スマートフォンはこれまでの携帯電話利用者をそのまま取り込み、さらにユーザーフレンドリーな操作法で、これまで携帯電話を持っていなかったユーザーをも取り込むことに成功し、現在世界で40億台利用されるインターフェースとして機能する。一方、ウェアラブルデバイスは、現時点での利用台数がいまだに1億台程度と大きな差がある。今後、産業利用を契機にウェアラブルデバイスの利便性がユーザーに認識され、スマートフォンの利用に至らなかったユーザーも対象に含めるなど、広範な利用者拡大を促すことができれば、スマートフォンに代わる、デジタル社会に不可欠なユーザーインターフェースとして発展する可能性は高い。

産業利用における見通しとしては、生産効率向上、コスト削減といった企業の生産活動のさらなる効率化への寄与が予想される。加えて、労働者人口が減少する先進国社会での生産力確保への一助としても機能するものと考えられる。

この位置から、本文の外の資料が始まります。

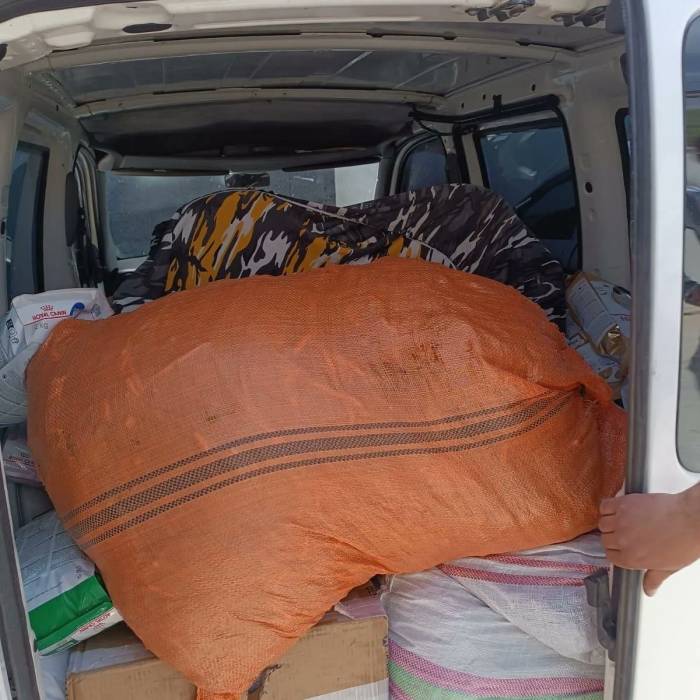 2 Çuval Hakkari Soğanını İran’a Götürmek Üzereyken Yakalandı: 1 Milyon 161 Bin 423 Tl Para Cezası Verildi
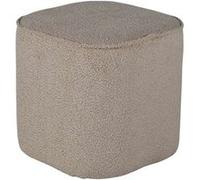 Venture Home Pouf Piff Teddy Beige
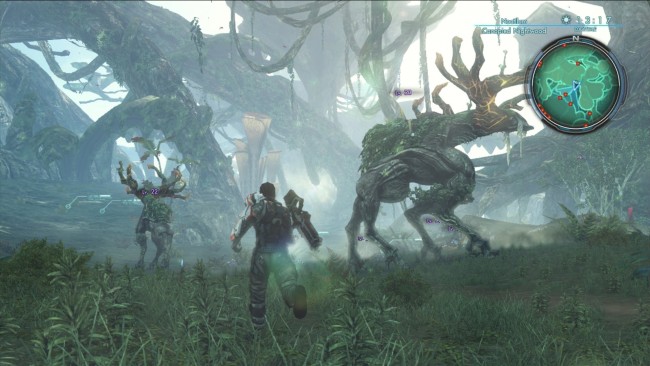 Xenoblade Chronicles X grafika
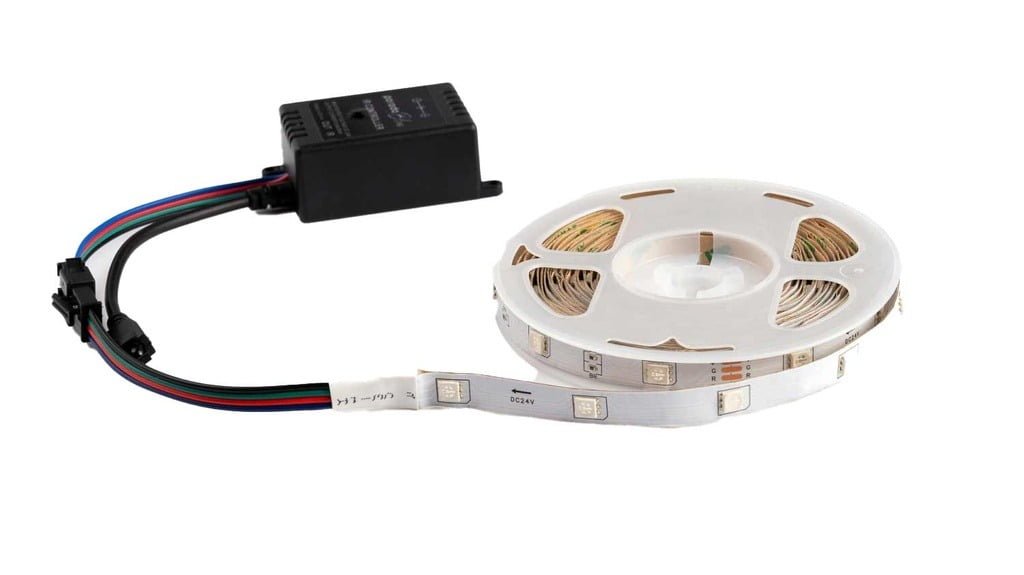 PORODO BLUE RGB LIGHT STRIP SOUND REACTIVE LIGHTING PB-RGBSL thumbnail 9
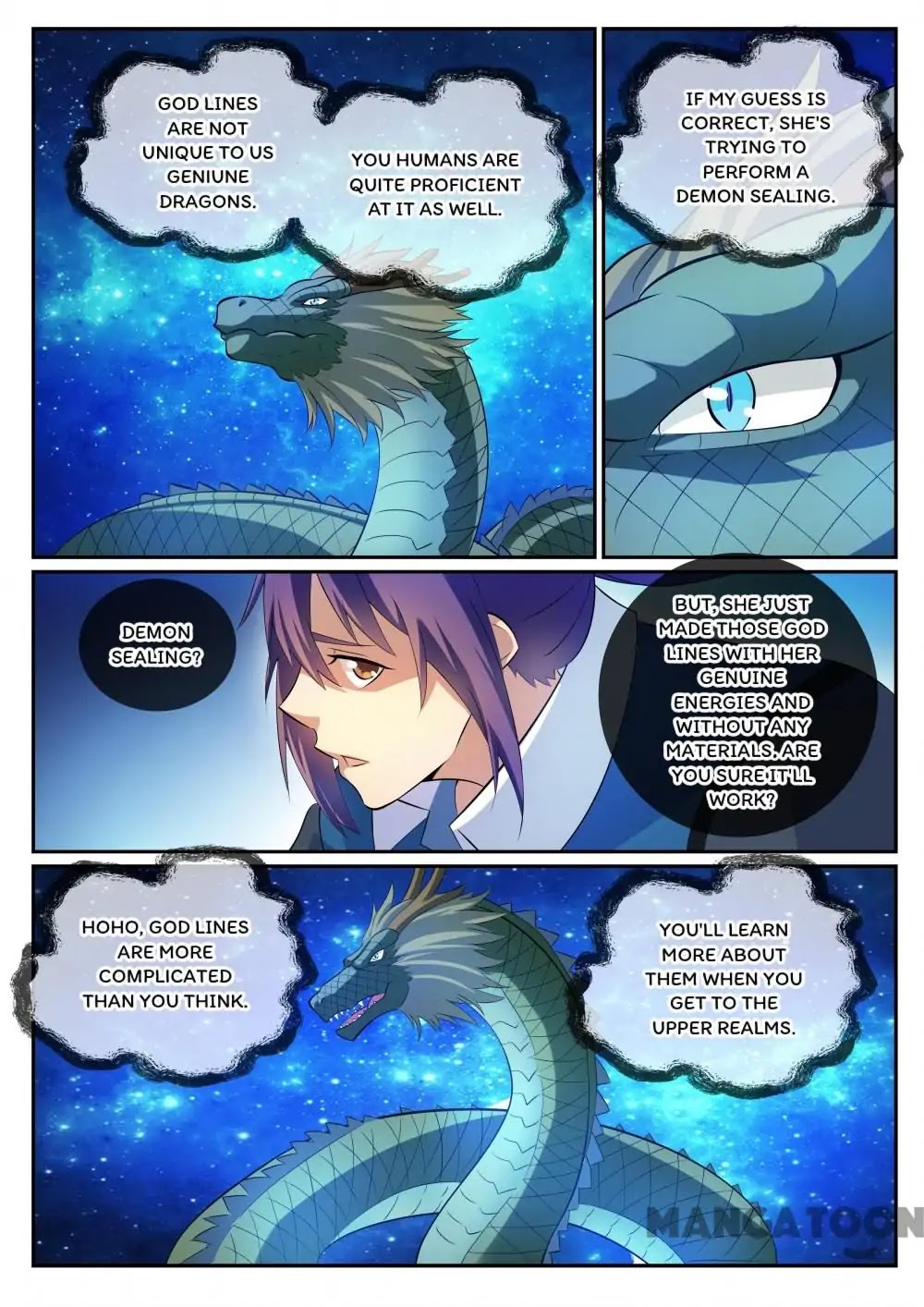 Apotheosis Chapter 282 page 10 - Chapter 282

現在のウェアラブルデバイスにおいては、電池等の電源に制約される稼働時間の長期化、リアルタイム化を実現する通信速度の向上と低消費電力化の両立、さらなる小型化、軽量化、生体親和性などが技術的課題として挙げられ、また、社会的な課題として、ウェアラブルデバイスで取得されたデータが、新たなプライバシー問題(個人データや他人の画像データの流出)を誘発しかねないとも指摘されている。

課題は想定されるものの、「いつでも、どこでも、誰でも」利用可能なデバイスというユーザーフレンドリーな設計に基づくウェアラブルデバイスは、その利便性によって得られる利益が極めて大きいことから、さらなる発展が期待されている。